A review of Economic Shalom by John Bolt (Christian’s Library Press, 2013)
By Pete Rizzo
Bolt (Professor of Systematic Theology at Calvin Theological Seminary) acknowledges the challenge that Christians face in determining what the Bible says about economic policy right away in his book. In doing so, he identifies prior theologizing on the subject including social gospel, redistribution of wealth and the validity of the free market. Then Bolt makes his own argument for how Christians should act in light of what the Bible says about the economy. His approach is to be consistent with what scripture says about human flourishing and to apply general themes from the Old Testament.
The first theme is to look at how humans should view work: from an eternal perspective. God’s design for labor and the market begins with the family and connects humans to each other. Therefore, he argues that the market is an organic construction. This sets up the rest of his book. because the most important issue in the economy becomes the condition of people’s hearts and whether they are submitted to God and his design. Human flourishing increases as we obey God’s principles for right living. Bolt goes on to debunk the idea that the market can be morally questionable. Rather, it is individual practices that can be immoral.

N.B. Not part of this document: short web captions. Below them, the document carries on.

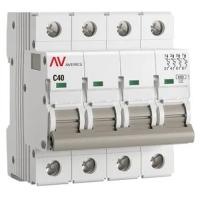 купить Автомат 4Р 40А C 6кА AV-6 EKF Averes  в Пензе Автомат 4Р 40А C 6кА AV-6 EKF Averes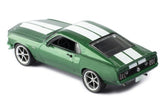 1969 Ford Mustang Fastback Custom Verde Metalizado/Blanco 1:43 IXO Models CLC530N.22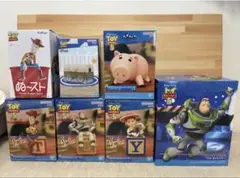13点セット トイストーリー フィギュア ウッディ バズ ジェシー ロゴ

In the end, Bolt argues that the economy will always be imperfect because only when Jesus returns will the Kingdom be fully established. In closing, arguments are made against coercion and interference in the market as they do not promote the best policy for the rich or poor. In fact, Bolt makes quite an interesting appeal for a change in policies in third world countries and how owned assets are the key to economic advancement in those areas of the world.The important contribution that Bolt makes to the conversation surrounding economic policy is this: he de-villainizes the people who we perceive to be running the economy and stresses that the market is a “living” entity that cannot be controlled or predicted. Furthermore, that which cannot be controlled or predicted we must not try to unfairly manipulate. The problem with the book is then that Bolt gives very little for us as Christians to do in terms of policy. The policy is in fact to have as little policy as possible. Bolt gives a fair treatment to counter perspectives and dismisses them not as wrong but as misguided. For example, those who argue against personal property, he says, are arguing that God owns everything. Therefore, we should not presume to possess land as individuals. However, Bolt would say, neither should a governing body presume to own land either. So by their own argument Bolt defeats them. There are many good examples like this in the book and Bolt uncovers many of our biases when approaching the economy from a Christian perspective.

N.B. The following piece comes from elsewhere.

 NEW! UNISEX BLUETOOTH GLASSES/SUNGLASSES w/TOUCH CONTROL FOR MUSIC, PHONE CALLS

This book is a great beginning for anyone interested in viewing the market from a biblical worldview. It is a good conversation starting tool, covering multiple issues in the area of economic policy that are hot button topics in Christian circles. The book provides an overview and uses a lot of scholarly sources that could be useful for taking a more in depth look into certain topics. Also, while the text is intended for a certain audience it can be applied to a broad range of Christian denominations, not just the Reformed.